Copy directly from the [Request Builder](https://app.scrappey.com/#/builder):

```python
result = scrappey.request({
    "cmd": "request.get",
    "url": "https://example.com",
    "browserActions": [
        {"type": "wait", "wait": 2000},
        {"type": "scroll", "cssSelector": "footer"}
    ],
    "screenshot": True
})
```

## API Reference

### Scrappey Client

```python
Scrappey(
    api_key: str,                    # Your API key (required)
    base_url: str = "...",           # API URL (optional)
    timeout: float = 300,            # Request timeout in seconds
)
```

### Methods

| Method | Description |
|--------|-------------|
| `get(url, **options)` | Perform GET request |
| `post(url, postData, **options)` | Perform POST request |
| `put(url, postData, **options)` | Perform PUT request |
| `delete(url, **options)` | Perform DELETE request |
| `patch(url, postData, **options)` | Perform PATCH request |
| `request(options)` | Send request with full options dict |
| `create_session(**options)` | Create a new session |
| `destroy_session(session)` | Destroy a session |
| `browser_action(url, actions, **options)` | Execute browser actions |
| `screenshot(url, **options)` | Capture screenshot |

### Common Options

| Option | Type | Description |
|--------|------|-------------|
| `session` | str | Session ID for state persistence |
| `proxy` | str | Custom proxy (http://user:pass@ip:port) |
| `proxyCountry` | str | Proxy country (e.g., "UnitedStates") |
| `premiumProxy` | bool | Use premium residential proxies |
| `mobileProxy` | bool | Use mobile carrier proxies |
| `cloudflareBypass` | bool | Enable Cloudflare bypass |
| `datadomeBypass` | bool | Enable Datadome bypass |
| `kasadaBypass` | bool | Enable Kasada bypass |
| `automaticallySolveCaptchas` | bool | Auto-solve captchas |
| `browserActions` | list | Browser automation actions |
| `screenshot` | bool | Capture screenshot |
| `cssSelector` | str | Extract content by CSS selector |
| `customHeaders` | dict | Custom HTTP headers |

### Response Structure

```python
{
    "solution": {
        "verified": True,
        "response": "<html>...</html>",
        "statusCode": 200,
        "currentUrl": "https://example.com",
        "cookies": [...],
        "cookieString": "session=abc; token=xyz",
        "userAgent": "Mozilla/5.0...",
        "screenshot": "base64...",
        "javascriptReturn": [...],
    },
    "timeElapsed": 1234,
    "data": "success",  # or "error"
    "session": "session-id",
    "error": "error message if failed"
}
```

## Multi-Language Examples

Examples are provided for:

- **Python** - `examples/python/`
- **Node.js** - `examples/nodejs/`
- **TypeScript** - `examples/typescript/`
- **Go** - `examples/go/`
- **Java** - `examples/java/`
- **C#** - `examples/csharp/`
- **PHP** - `examples/php/`
- **Ruby** - `examples/ruby/`
- **Rust** - `examples/rust/`
- **Kotlin** - `examples/kotlin/`
- **cURL** - `examples/curl/`

## Error Handling

The API returns errors in the response body.
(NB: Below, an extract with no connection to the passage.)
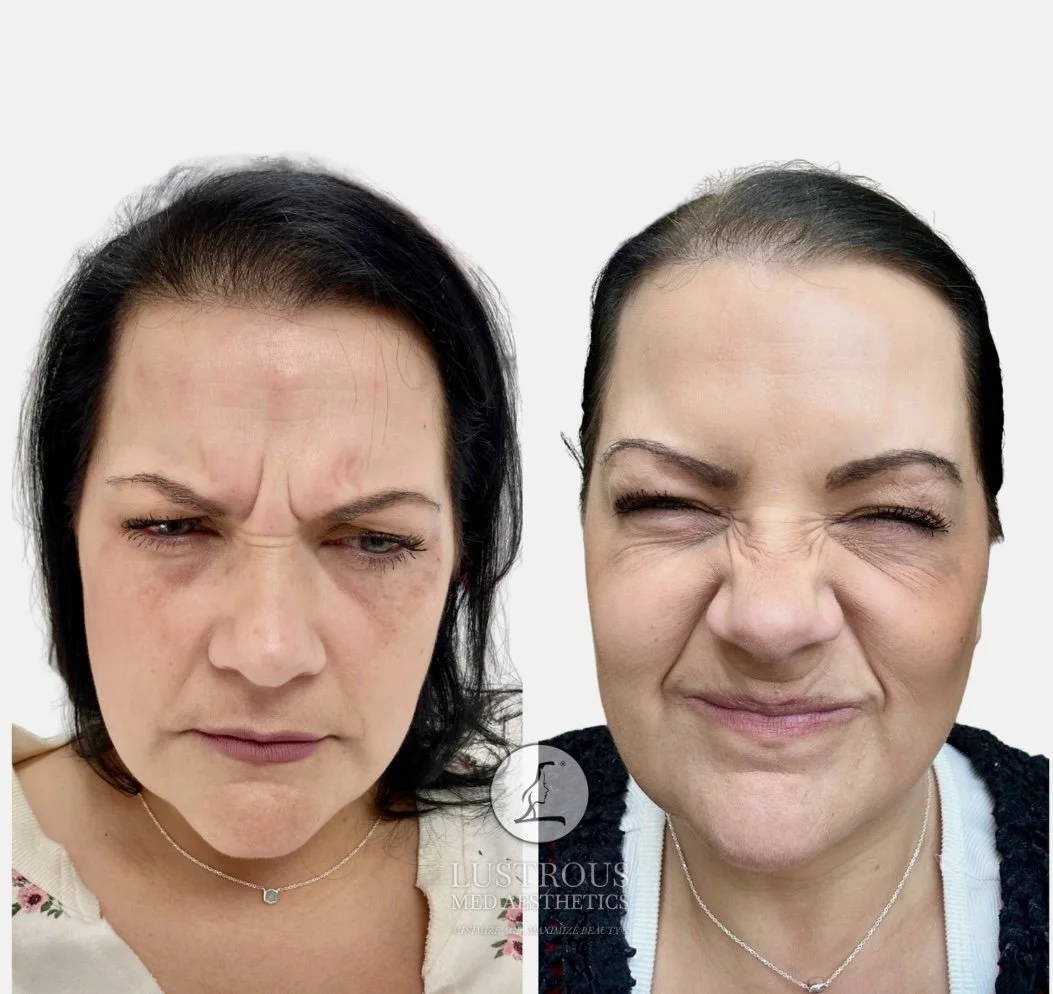Before and After Dysport: Smooth, refreshed, natural looking brow results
Check the `data` field:

```python
result = scrappey.get(url="https://example.com")

if result["data"] == "success":
    html = result["solution"]["response"]
else:
    error = result.get("error", "Unknown error")
    print(f"Request failed: {error}")
```

Client-side errors raise exceptions:

```python
from scrappey import (
    ScrappeyError,
    ScrappeyConnectionError,
    ScrappeyTimeoutError,
    ScrappeyAuthenticationError,
)

try:
    result = scrappey.get(url="https://example.com")
except ScrappeyConnectionError:
    print("Could not connect to API")
except ScrappeyTimeoutError:
    print("Request timed out")
except ScrappeyAuthenticationError:
    print("Invalid API key")
except ScrappeyError as e:
    print(f"API error: {e}")
```

## Links

- **Website**: https://scrappey.com
- **Documentation**: https://wiki.scrappey.com/getting-started
- **Request Builder**: https://app.scrappey.com/#/builder
- **API Reference**: https://wiki.scrappey.com/api-reference
- **GitHub**: https://github.com/pim97/scrappey-wrapper-python

## License

MIT License - see [LICENSE](LICENSE) for details.

## Disclaimer

Please ensure that your web scraping activities comply with the website's terms of service and legal regulations. Scrappey is not responsible for any misuse or unethical use of the library. Use responsibly and respect website policies.